In Lorenzo v. SEC, the Court by a 6-2 majority upheld an SEC fraud finding against Francis Lorenzo, a vice president of a broker-dealer firm, for sending two e-mails with false statements to prospective investors at the direction of his boss, who had supplied the content and approved the messages.
Lorenzo argued that even if he knew the emails contained false statements, he should not be charged under Rule 10b-5 because he was not the “maker” of the statements written by his boss.
The source of that argument was the Supreme Court’s 5-4 decision in Janus Capital Group, Inc. v. First Derivative Transfers, 564 U.S. 135 (2011). There the Supreme Court applied a narrow definition of the term “maker,” ruling that the “maker of a statement is the person or entity with ultimate authority over the statements, including its content and whether and how to communicate it.” In that case, it held that an investment adviser who merely participated in the drafting of a statement made by a fund that it was advising could not be held liable under Rule 10b-5 as the maker of the statement.
Rule 10b-5 contains three sub-parts identifying prohibited conduct: (a) employing a device, scheme or artifice to defraud; (b) making any untrue statement of material fact; and (c) engaging in conduct which operates as a fraud.
In Lorenzo, the SEC argued that even if Lorenzo were not the “maker” of the statements under (b), because his boss had ultimate authority over the statements, he could still be charged for sending out e-mails he knew were false under the other two provision of the rule, for (a) employing a scheme to defraud or (c) engaging in conduct that operated as a fraud.
The Supreme Court agreed, declaring that a contrary interpretation would deprive the SEC of vital tools to combat fraud and would be inconsistent with Congress‘s intent. It added that “Congress intended to root out all manner of fraud in the securities industry. And it gave to the Commission the tools to accomplish that job.”
While the decision was issued in a civil enforcement action by the SEC, the Court’s interpretation of Rule 10b-5 will likely be cited as well by plaintiffs in private actions under the rule, such as securities class actions.
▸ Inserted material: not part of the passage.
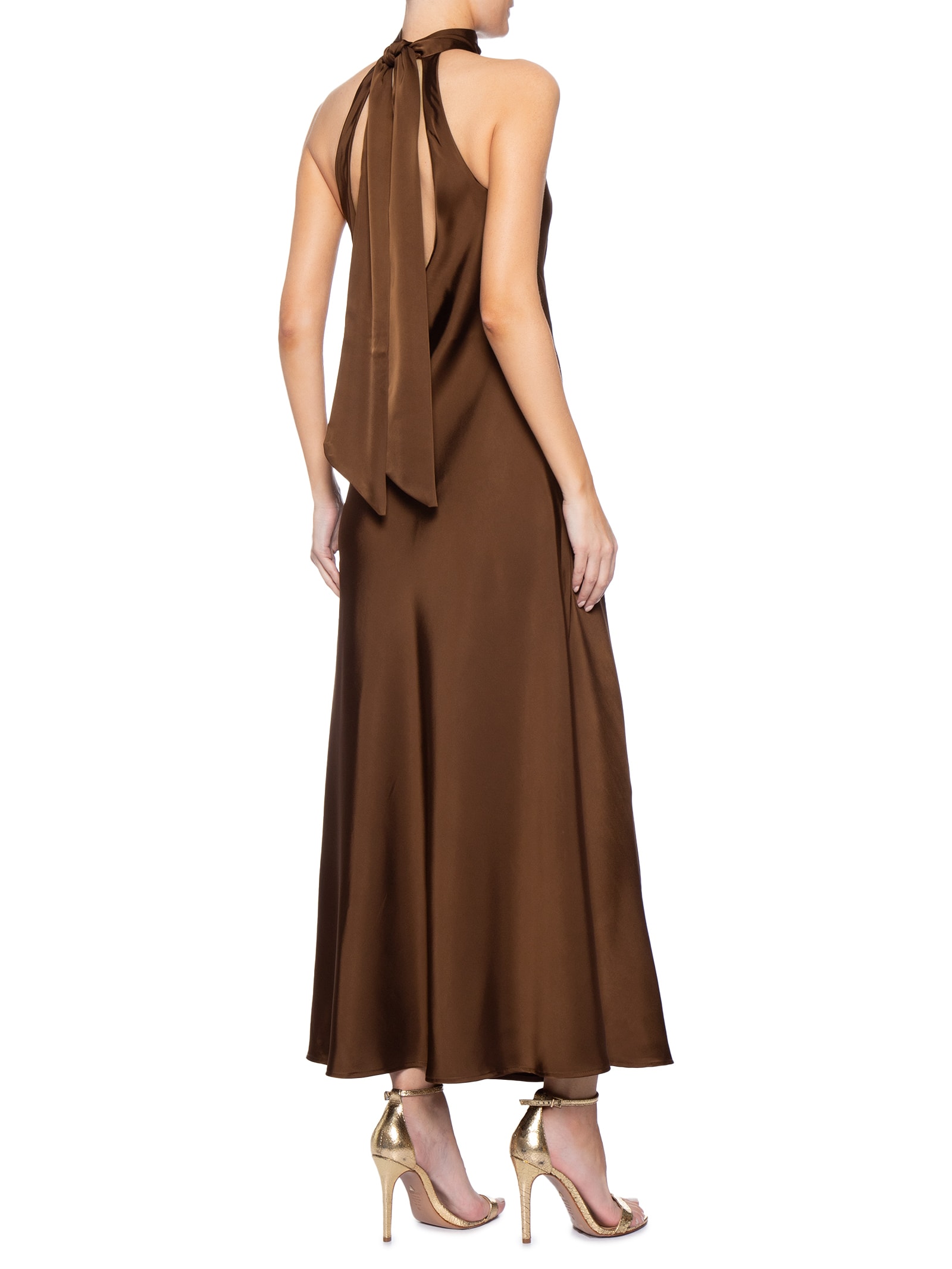 Vestido Longo Acetinado Com Detalhe Em Metal Marrom '2Essential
The majority opinion was written by Justice Stephen G. Breyer, who wrote the dissent in Janus, joined by his three fellow dissenters in Janus, Justices Ruth Bader Ginsburg, Sonia Sotamayor and Elena Kagan. Also joining the opinion were Chief Justice John G. Roberts, Jr. and Justice Samuel A. Alito, who were with the majority in Janus. The dissenters in Lorenzo were Justices Clarence Thomas, who authored the Janus opinion, and Neil M. Gorsuch. Justice Brett Kavanaugh recused himself in Lorenzo; he had been a judge on the three-judge panel of the D.C. Circuit Court of Appeals, whose Lorenzo decision was affirmed by the Supreme Court. He had dissented from the D.C. Circuit’s decision.
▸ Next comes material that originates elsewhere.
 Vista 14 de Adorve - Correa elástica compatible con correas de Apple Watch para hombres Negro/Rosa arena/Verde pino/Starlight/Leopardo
Lorenzo’s principal argument was that since the crux of the case against him involved false statements, he could only be charged under sub-section (b) of Rule 10b-5, which he contended is the sole basis upon which there can be liability for false statements. As described by Justice Breyer, “[t]he premise of this argument is that each of these provisions should be read as governing, different, mutually exclusive spheres of conduct.” He then rejected that premise, based on both the language of the rule and prior decisions of the Court and the SEC applying the rule.
The Court also rejected Lorenzo’s arguments that allowing him to be charged under (a) and (c) in connection with false statements would undermine the holding of Janus, since non-makers could often be charged with employing a scheme to defraud or conduct that operated as a fraud.
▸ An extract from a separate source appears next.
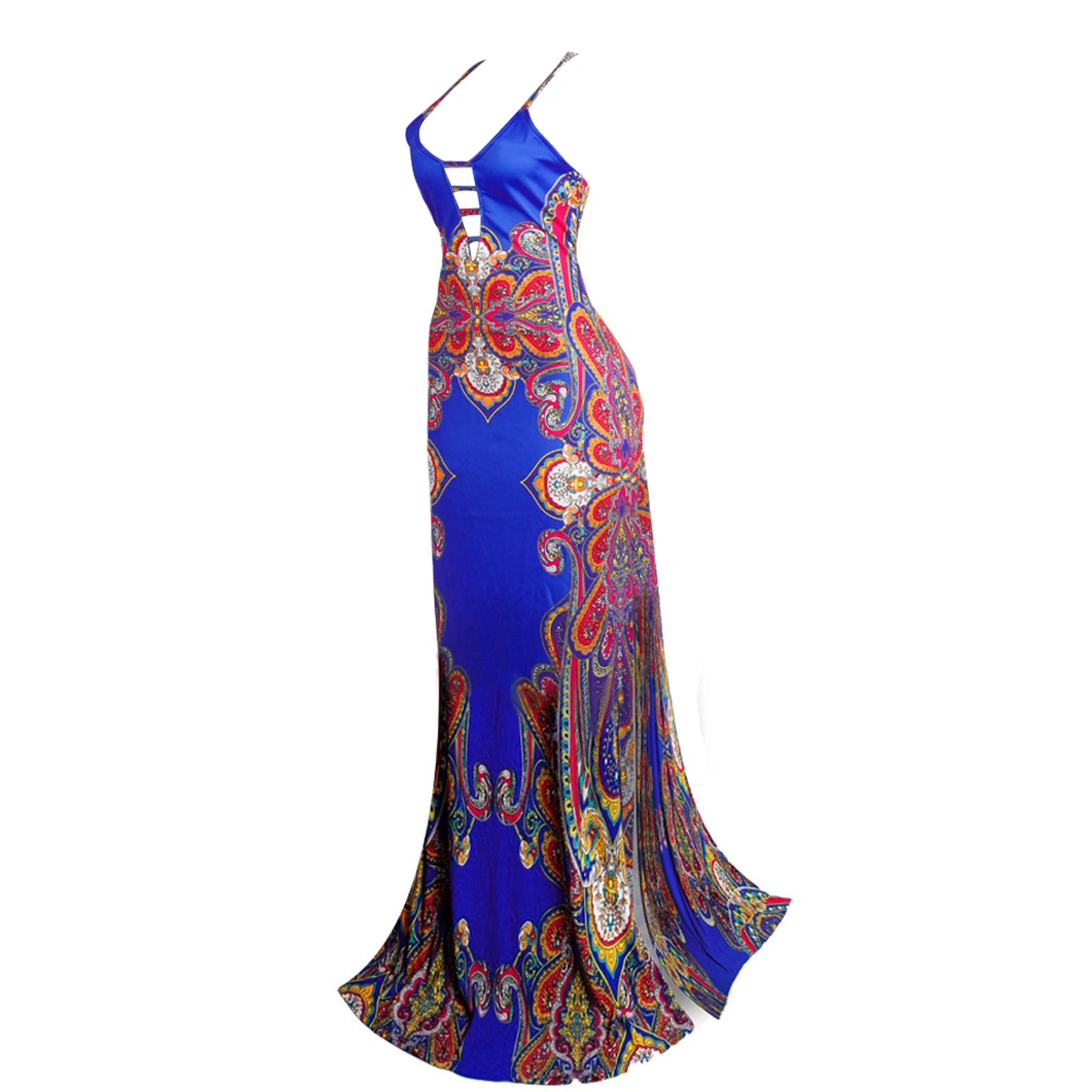 Women Spaghetti Straps Ethnic Printed Cut Out Open Back Maxi Dress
In addition, the Court noted the consequences of accepting Lorenzo’s argument, which it said “would mean those who disseminate false statements with the intent to cheat investors might escape liability under the Rule altogether.”
Lorenzo was found liable in an SEC administrative proceeding for violations of Rule 10b-5, promulgated pursuant to Section 10(b) of the Securities Exchange Act of 1934, as well as section 17(a)(1) of the Securities Act of 1933. Section 17(a)(1), like Rule 10b-5(a) makes it unlawful to “employ any device, scheme or artifice to defraud.”